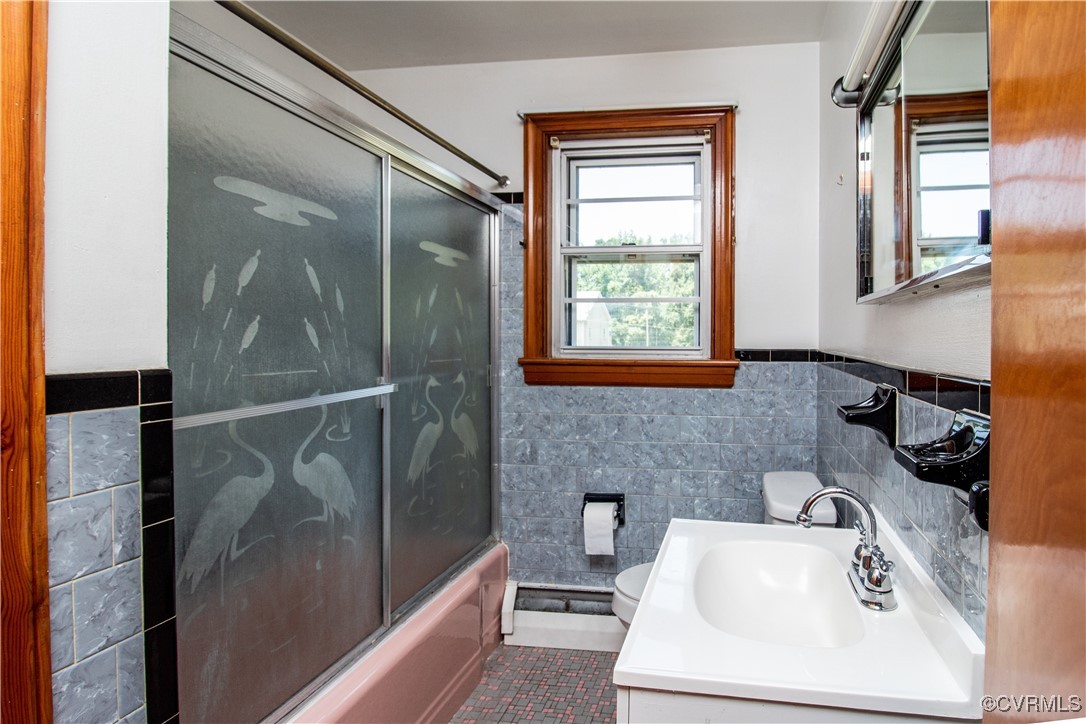 2400 East Hundred Road Chester, VA 23836 - Photo 7 of 27 a bathroom with a sink a toilet and shower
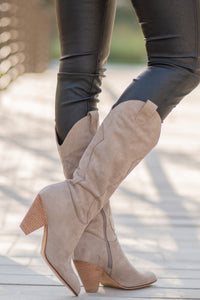 Boots by Mi.iM  A western knee high boot with a zipper and block heel with a v cut to elongate the legs. Color: Taupe Man-made Upper Leather Wrap heel Padded footbed Shaft Height: 12" Heel Height: 3.5" Contact us for any additional measurements or sizing. 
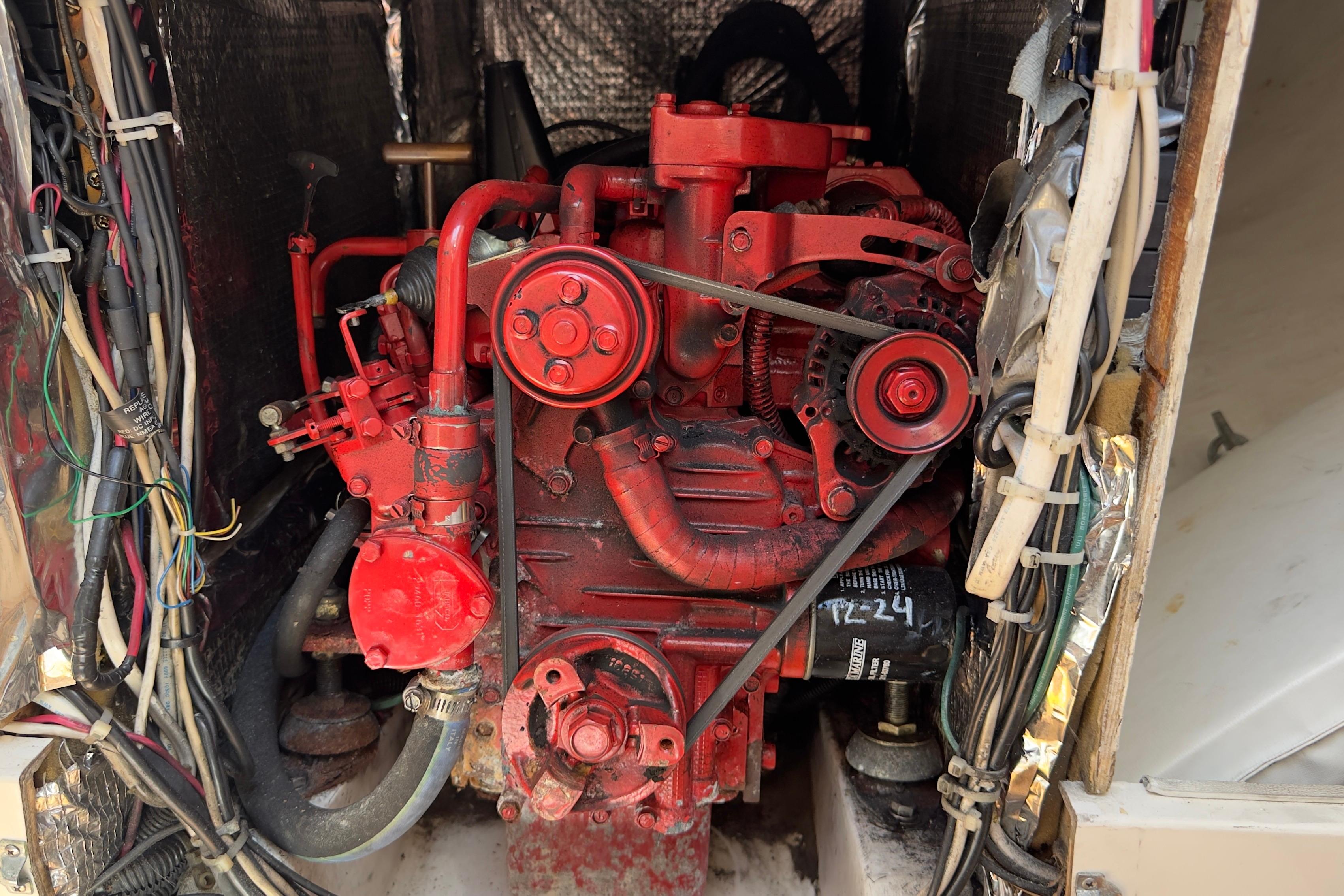 Red engine inside a 1994 J Boats J/92 sailboat, surrounded by wiring.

**Work task**: Make an exact copy of the listing above. Its pictures are not needed.

**Worked solution**:
 2400 East Hundred Road Chester, VA 23836 - Photo 7 of 27 a bathroom with a sink a toilet and shower
 Boots by Mi.iM  A western knee high boot with a zipper and block heel with a v cut to elongate the legs. Color: Taupe Man-made Upper Leather Wrap heel Padded footbed Shaft Height: 12" Heel Height: 3.5" Contact us for any additional measurements or sizing. 
 Red engine inside a 1994 J Boats J/92 sailboat, surrounded by wiring.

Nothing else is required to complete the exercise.